Data from WIRES has recorded 21 incidents (13 deaths and eight sightings) of koalas in the Hogbin Drive area from 2006 to September 2020.

While broader actions to improve koala populations will be the focus of a Council review of the current Coffs Harbour Koala Plan of Management 1999, a Council report on the matter stated that “work to date has highlighted that Hogbin Drive continues to be a major blackspot for koalas”.

Following Council collaboration with the NSW Department of Planning, Industry and Environment – Biodiversity and Conservation Division and the analysis of the feasibility of various options to reduce the instance of vehicle strike to koalas along Hogbin Drive, the installation of koala exclusion fencing was found to be the only viable long term solution.
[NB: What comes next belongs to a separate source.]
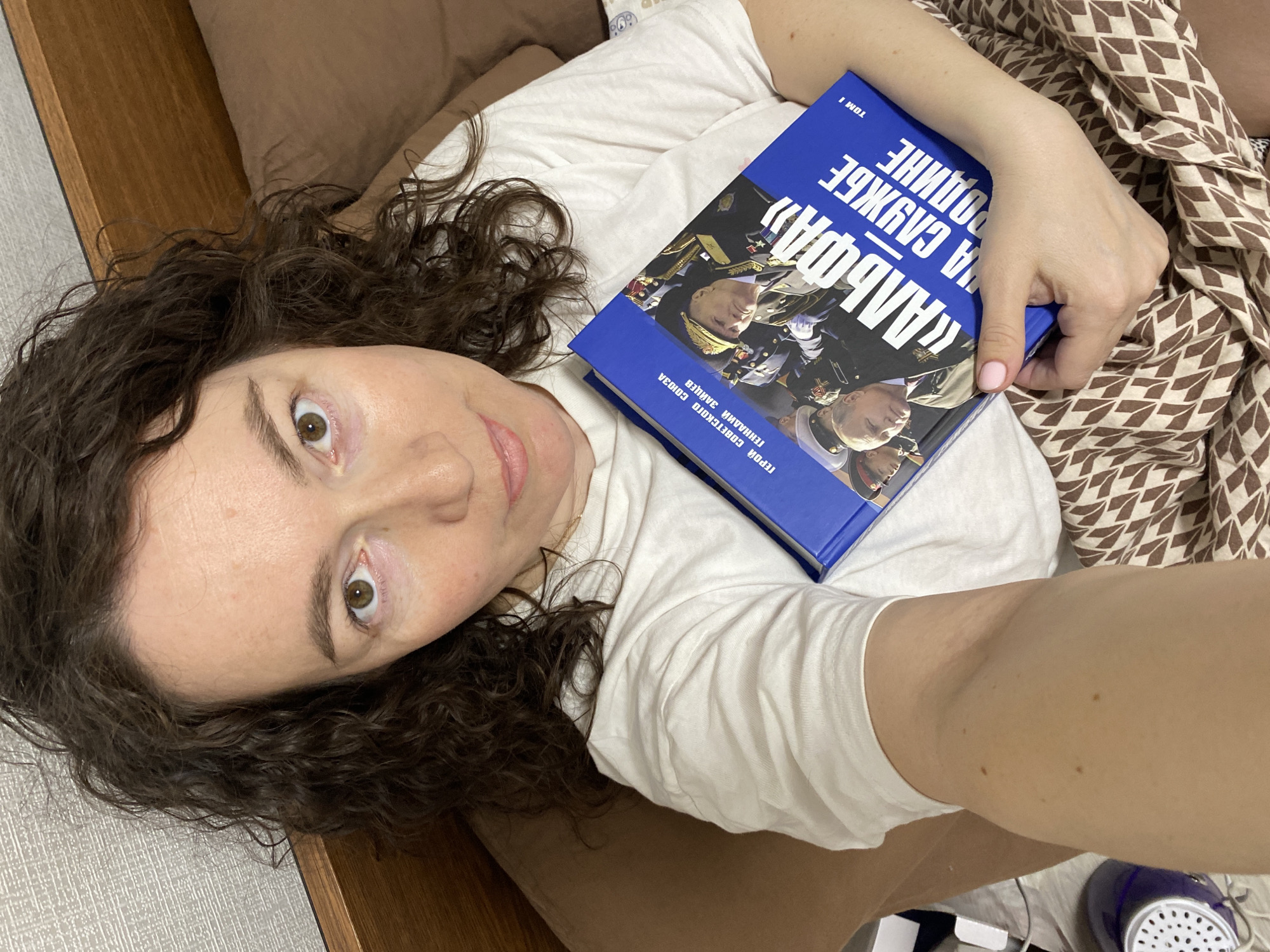 A woman with curly dark hair is lying down, looking at the camera, and holding a blue book titled "Alpha: In the Service of the Motherland" by Gennady Zaitsev, Hero of the Soviet Union. She's wearing a white t-shirt and lying on a bed with a brown headboard and pillow. The bedspread is brown and white. The scene is indoors, possibly in a residential setting. The location of Ольховка, Russia cannot be verified from the image.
“The stretch of Hogbin Drive from the airport to the university campus has been identified as a blackspot by the Wildlife Information Rescue and Education Service (WIRES), Council and the NSW Department of Planning, Industry and Environment, because of the high number of sightings and koala deaths caused by traffic,” Council’s Team Leader Biodiversity Sally Whitelaw said.
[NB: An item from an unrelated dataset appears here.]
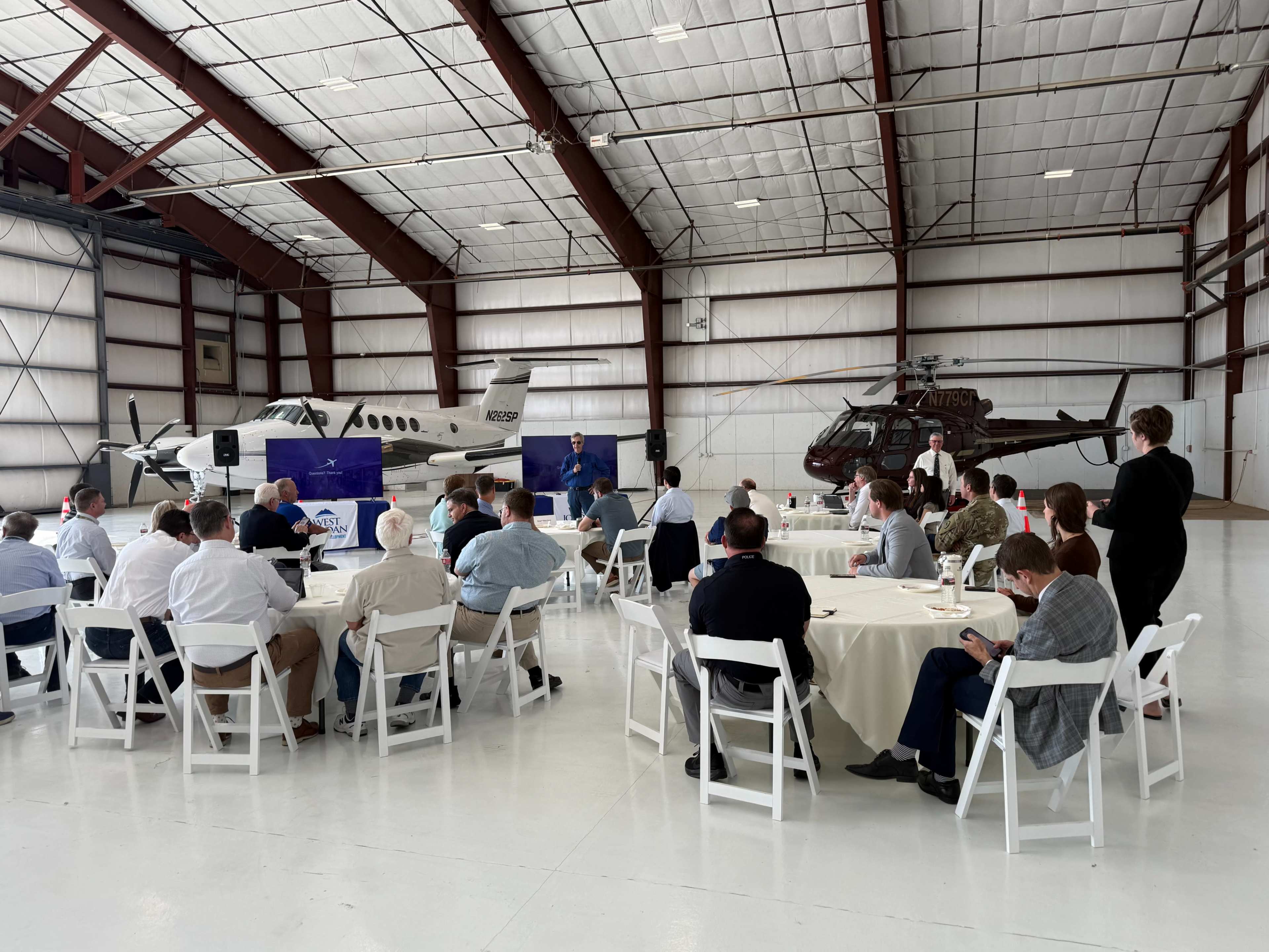 A group of people is seated at round tables in a hangar, with an airplane and a helicopter visible in the background.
“Having looked carefully at the issue, we all agree that the installation of koala exclusion fencing is the only viable long-term solution at that location and we’re looking at ways to fund those works as soon as possible.”

Ms Whitelaw said Council investigated several other options to protect the local koala population along Hogbin Drive.

“The road is already signposted with koala signs, but we know that these become less effective over time for local drivers as they become ‘sign blind’ on roads they use a lot,” Ms Whitelaw said.

“Additional signage – including on-road surface marking or flashing warning signs – as well as speed reduction were also investigated, but were found to be unsuitable due to the high volume of traffic and the road’s importance as a key route.